When Lori returned to the hotel, she was informed that something had been dropped off for her. The clerk took her to the place where they had finally decided to store the pipe, underneath the windows looking out onto Speedway Blvd. When he showed her the pipe, he related, at great length, the fun the employees had had with it during the day. They had blown into it, talked down it, etc. But now Lori had to get it upstairs.
Unlike the agave stalk, it would not bend at all; therefore she could not get it into the elevator. Instead she had to walk it, as I had from the car, but up 6 flights of stairs! When she finally reached the room, she had to decide how to install the agave in the pipe in such a way that it would not be damaged in transit. Lori finally decided on the use of huge amounts of toilet paper, courtesy of the hotel, as the best packing material.

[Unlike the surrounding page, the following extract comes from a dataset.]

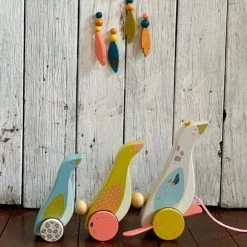 Moulin Roty Pull Along Family Of Geese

After the agave was packed in this way, it survived it's trip in great condition and lived in Lori's house in Amherst for the next several months, set in a pot in sand. However, when Lori was forced to leave that house and find another place to live, the ceilings were too low in the new house. For that reason, the agave now resides just outside my office door, right in front of the poster of Georgia O'Keefe riding off into the New Mexico desert on the back of a motorcycle.
Its presence there drove Tom Arny on a hunt through many reference books on southwestern flora until he had properly identified the species, a Schott's agave. Of course, as I wrote this document of our trip, I discovered that, all along, I had had the proper identification in my possession, in the guide to the nature trail at Muleshoe Ranch!